_Goal of the exercise_. Below are some records. Reproduce them exactly from their first line through the line with "-老房老舍重庆火锅(假日城市店)", inclusive.

_Given information_.

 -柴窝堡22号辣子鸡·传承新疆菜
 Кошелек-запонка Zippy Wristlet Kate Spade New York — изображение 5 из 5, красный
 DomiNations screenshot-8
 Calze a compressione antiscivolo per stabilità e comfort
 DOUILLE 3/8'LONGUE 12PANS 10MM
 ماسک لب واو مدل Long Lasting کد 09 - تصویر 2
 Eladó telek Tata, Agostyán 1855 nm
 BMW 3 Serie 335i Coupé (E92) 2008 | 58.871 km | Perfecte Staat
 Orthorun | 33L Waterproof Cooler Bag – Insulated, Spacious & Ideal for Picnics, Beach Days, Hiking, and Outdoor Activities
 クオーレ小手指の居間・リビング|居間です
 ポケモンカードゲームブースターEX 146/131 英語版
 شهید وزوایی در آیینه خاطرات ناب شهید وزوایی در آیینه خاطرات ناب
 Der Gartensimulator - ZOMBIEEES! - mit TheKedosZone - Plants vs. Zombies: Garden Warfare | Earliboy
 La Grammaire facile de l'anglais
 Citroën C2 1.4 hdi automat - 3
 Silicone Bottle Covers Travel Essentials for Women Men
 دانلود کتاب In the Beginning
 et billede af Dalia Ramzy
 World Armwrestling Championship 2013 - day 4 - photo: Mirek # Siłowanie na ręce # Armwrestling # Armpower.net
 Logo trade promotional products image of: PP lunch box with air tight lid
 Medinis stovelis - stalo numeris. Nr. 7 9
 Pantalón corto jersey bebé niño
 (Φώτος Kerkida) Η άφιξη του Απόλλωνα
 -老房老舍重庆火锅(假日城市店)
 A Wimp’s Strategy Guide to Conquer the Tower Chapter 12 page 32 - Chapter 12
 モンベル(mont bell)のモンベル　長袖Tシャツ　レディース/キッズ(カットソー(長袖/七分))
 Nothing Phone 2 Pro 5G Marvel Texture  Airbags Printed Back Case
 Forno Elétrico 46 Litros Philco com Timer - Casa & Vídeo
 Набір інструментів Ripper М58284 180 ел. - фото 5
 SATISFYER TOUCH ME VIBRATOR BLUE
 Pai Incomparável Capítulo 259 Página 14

_Response to the exercise_.
 -柴窝堡22号辣子鸡·传承新疆菜
 Кошелек-запонка Zippy Wristlet Kate Spade New York — изображение 5 из 5, красный
 DomiNations screenshot-8
 Calze a compressione antiscivolo per stabilità e comfort
 DOUILLE 3/8'LONGUE 12PANS 10MM
 ماسک لب واو مدل Long Lasting کد 09 - تصویر 2
 Eladó telek Tata, Agostyán 1855 nm
 BMW 3 Serie 335i Coupé (E92) 2008 | 58.871 km | Perfecte Staat
 Orthorun | 33L Waterproof Cooler Bag – Insulated, Spacious & Ideal for Picnics, Beach Days, Hiking, and Outdoor Activities
 クオーレ小手指の居間・リビング|居間です
 ポケモンカードゲームブースターEX 146/131 英語版
 شهید وزوایی در آیینه خاطرات ناب شهید وزوایی در آیینه خاطرات ناب
 Der Gartensimulator - ZOMBIEEES! - mit TheKedosZone - Plants vs. Zombies: Garden Warfare | Earliboy
 La Grammaire facile de l'anglais
 Citroën C2 1.4 hdi automat - 3
 Silicone Bottle Covers Travel Essentials for Women Men
 دانلود کتاب In the Beginning
 et billede af Dalia Ramzy
 World Armwrestling Championship 2013 - day 4 - photo: Mirek # Siłowanie na ręce # Armwrestling # Armpower.net
 Logo trade promotional products image of: PP lunch box with air tight lid
 Medinis stovelis - stalo numeris. Nr. 7 9
 Pantalón corto jersey bebé niño
 (Φώτος Kerkida) Η άφιξη του Απόλλωνα
 -老房老舍重庆火锅(假日城市店)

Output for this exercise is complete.